Voix de femmes : « Les femmes peuvent se déployer dans toutes les activités exercées par les hommes », dixit Monique Ouassa Kouaro

2 mars 2023

Béninoise et professeure titulaire en sociologie-anthropologie, Monique Ouassa Kouaro est l’actuelle Doyenne de la Fashs (Faculté des sciences humaines et sociales) de l’Université d’Abomey-Calavi. Celle qui dirige le Laaedd (laboratoire d’anthropologie appliquée et d’éducation au développement durable), parle ici de la femme béninoise.

Quelle est la place de la femme dans la société béninoise actuelle ?

La femme est le pilier de la société béninoise. Elle joue un rôle prépondérant dans tous les paliers de la vie sociale, culturelle, économique, politique et environnementale. Elle est au cœur de la reproduction et de la production sociales. Ainsi, dans la sphère privée de reproduction, elle participe à la vie des ménages ruraux et urbains, veille à la transformation de la société à travers son leadership. Dans la sphère publique de production, la femme est incontournable dans le processus du développement de notre pays au regard de son poids important dans l’économie informelle et par ricochet dans le PIB. C’est vous dire que les femmes béninoises sont incontournables dans le fonctionnement de la société béninoise. Vous comprenez que les femmes béninoises sont très créatrices et leur résilience face aux crises est impressionnante et impacte profondément la société.

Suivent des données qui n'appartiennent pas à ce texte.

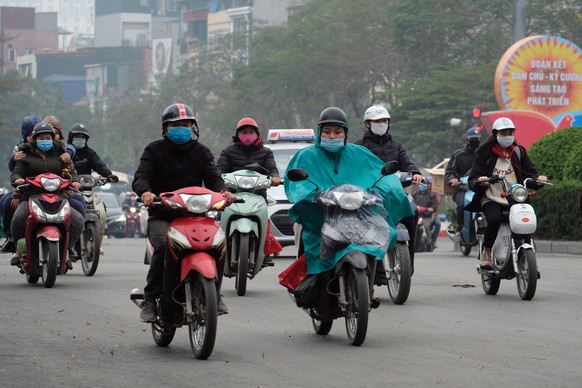 epa08970256 People wearing face masks ride motorbikes on a street in Hanoi, Vietnam, 28 January 2021. Vietnam reported its first two cases of COVID-19 disease community transmission in nearly two mont ...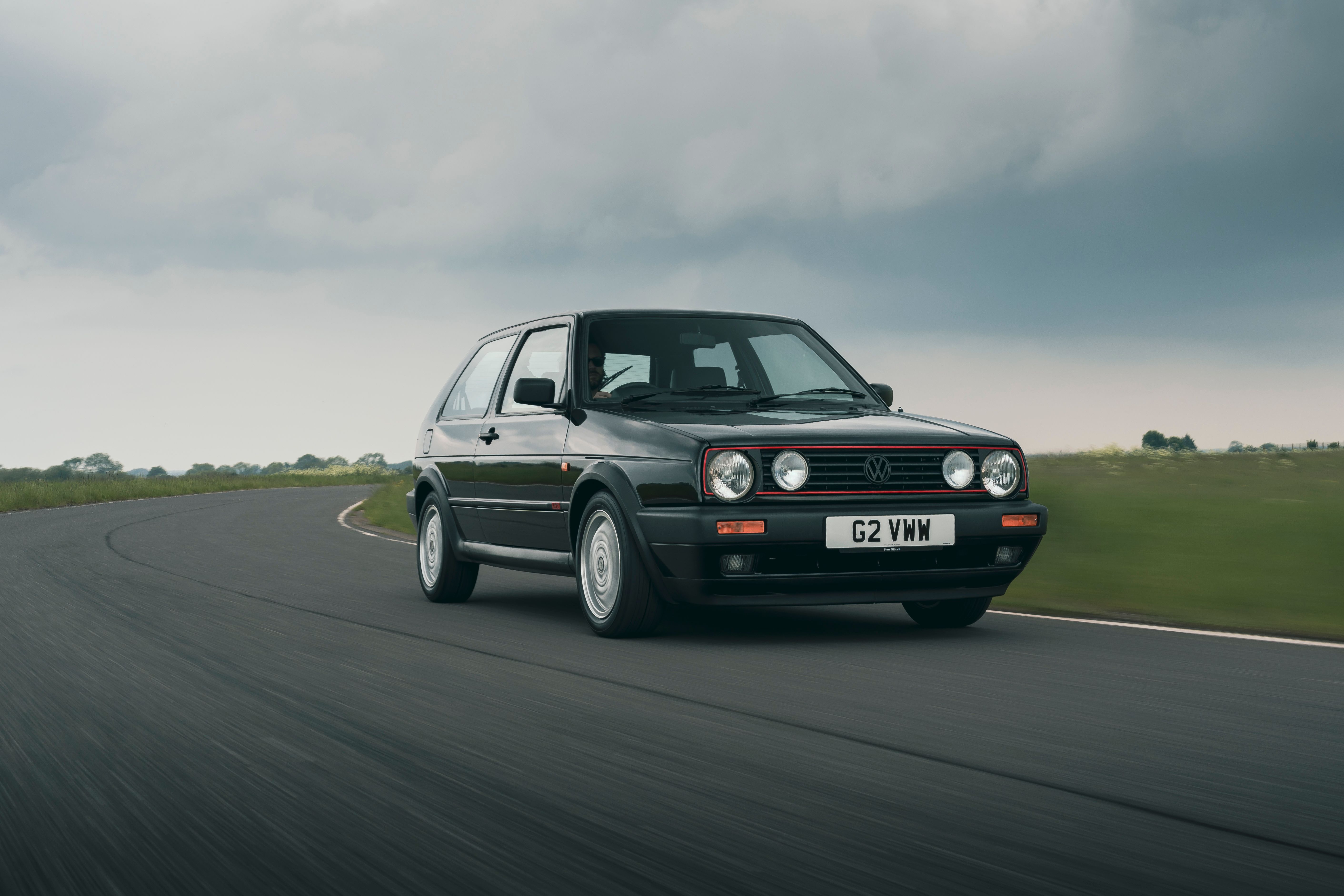 Black Volkswagen Golf GTI driving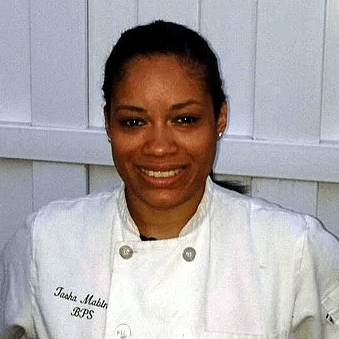  CIA alum Tasha Mabin smiles at the camera.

Que pensez-vous de l’égalité homme-femme (en général puis en milieu universitaire) ?

L’égalité homme-femme est un droit constitutionnel et une réalité au Bénin sur le plan juridique comme le confirme notre loi fondamentale. Sur le plan social en revanche, l’égalité homme femme est un leurre. Par exemple, sur le plan politique et scientifique, les disparités de genre sont criantes malgré les efforts du gouvernement pour l’égalité des sexes.
A l’Université d’Abomey-Calavi, nous n’avons que 16,37% d’enseignants femmes contre 83,63% d’enseignants hommes. Il faut souligner qu’au parlement, nous venons d’obtenir 25,68% de femmes contre 7,23% pour la mandature finissante. Ce score mémorable constitue une avancée remarquable. Toutefois, l’égalité des sexes est loin d’être une réalité au Bénin bien qu’il importe de préciser qu’une lueur d’espoir pointe à l’horizon avec les réformes en cours, du gouvernement et en particulier de la Ministre de l’enseignement supérieur et de la recherche scientifique à travers les projets mis en œuvre pour améliorer la représentativité des femmes dans l’enseignement supérieur et aux postes de décisions.
A vrai dire, les femmes peuvent se déployer dans toutes les activités exercées par les hommes tant qu’elles en ont les compétences.
Partagez avec nous une anecdote vécue en raison de votre condition de femme.

L’anecdote ! (Sourire !)

C’est le poids des stéréotypes de genre, vécus au poste de responsabilité que j’exerce. Par exemple des collègues qui me sont familiers, m’adressent des courriers avec pour entête Monsieur le doyen. Car pour eux, le symbole de manager est masculin et cela rappelle la figure de l’autorité modelée par les normes sociales dans la société béninoise.
Pendant des soutenances de licence, master ou doctorat, il est arrivé que des étudiants en prenant la parole me désignent par le groupe de nominal « président de jury ». En effet, ces étudiants ne s’attendent pas à voir une femme jouer ce rôle. Pour rigoler un peu, je leur demande si je devrais me retirer pour permettre au président attendu de les évaluer. Là, ils se confondent en excuses. C’est vous dire que le sexisme est encore fort présent même en milieu universitaire, entre collègues enseignants et entre enseignants et étudiants.
Fort de votre parcours et consciente des réalités actuelles, que diriez-vous à :
 Une adolescente non scolarisée en ville ?

Elle a l’avenir devant elle. Elle peut entreprendre comme les femmes dans nos marchés locaux. Pourvu qu’elle ait une vision et agisse maintenant. Rien n’est tard.

- Puis un vieil homme gardien de la tradition en campagne ?

Un garant de la tradition suit le cours de l’histoire. Il devrait mettre sa sagesse en œuvre pour servir de guide aux jeunes générations dans la transmission de nos valeurs culturelles, positives et aider à l’abandon des us et coutumes déshumanisantes pour certaines catégories d’actrices et d’acteurs dont les filles, les femmes et les enfants. Je voudrais citer le trafic des enfants, le rituel de veuvage différencié, l’excision et toutes autres formes de violences basées sur le genre. Il pourrait ainsi contribuer à promouvoir les comportements positifs en faveur des filles et des femmes et être un acteur de la transformation des "normes de genre néfastes".